In this morden time nanotechnology used in many field . 1-Electronics-manufacturad IC ,RAM,MRAM,solar panel etc 2-Helth and Medical-Nanomedicine,Drug Dilivery for cancer treatment etc 3- Atomobile -MEMS, Coating on car etc. and may other field for details you can check at Google
anybody can imagine what will be happen after 100 years from now in nano tech world
after 100 year this will be not nanotechnology maybe this technology name will be change . maybe aftet 100 year . we work on electron lable practically about its properties and behaviour by the different instruments
name doesn't matter , whatever it will be change... I'm taking about effect on circumstances of the microscopic world
how hard could it be to apply nanotechnology against viral infections such HIV or Ebola?
silver nanoparticles could handle the job?
not now but maybe in future only AgNP maybe any other nanomaterials
can nanotechnology change the direction of the face of the world
Prasenjit Reply
At high concentrations (>0.01 M), the relation between absorptivity coefficient and absorbance is no longer linear.

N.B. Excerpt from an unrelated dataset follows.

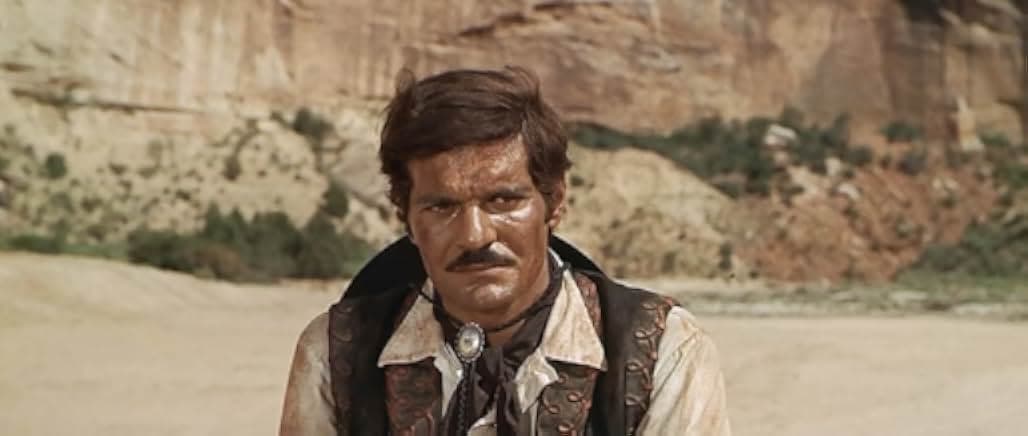 Mackenna's Gold 1969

This is due to the electrostatic interactions between the quantum dots in close proximity. If the concentration of the solution is high, another effect that is seen is the scattering of light from the large number of quantum dots. This assumption only works at low concentrations of the analyte. Presence of stray light.
Ali Reply
the Beer law works very well for dilute solutions but fails for very high concentrations. why?
bamidele Reply
how did you get the value of 2000N.What calculations are needed to arrive at it
Smarajit Reply
Privacy Information Security Software Version 1.1a
can anyone tell who founded equations of motion !?
Ztechy Reply
n=a+b/T² find the linear express
Donsmart Reply
Sultan Reply
Moment of inertia of a bar in terms of perpendicular axis theorem
Sultan Reply
How should i know when to add/subtract the velocities and when to use the Pythagoras theorem?
Yara Reply
Centre of mass of two uniform rods of same length but made of different materials and kept at L-shape meeting point is origin of coordinate
Rama Reply
A balloon is released from the ground which rises vertically up with acceleration 1.4m/sec^2.a ball is released from the balloon 20 second after the balloon has left the ground. The maximum height reached by the ball from the ground is
Lucky Reply
work done by frictional force formula
Sudeer Reply
Misthu Reply
Why are we takingspherical surface area in case of solid sphere
Saswat Reply
In all situatuons, what can I generalize?
Cart Reply
the body travels the distance of d=( 14+- 0.2)m in t=( 4.0 +- 0.3) s calculate it's velocity with error limit find Percentage error
Clinton Reply
Explain it ?Fy=?sN?mg=0?N=mg?s
Admire Reply

Get the best Physics for k-12 course in your pocket!

Source:  OpenStax, Physics for k-12. OpenStax CNX. Sep 07, 2009 Download for free at http://cnx.org/content/col10322/1.175
Google Play and the Google Play logo are trademarks of Google Inc.

Notification Switch

Would you like to follow the 'Physics for k-12' conversation and receive update notifications?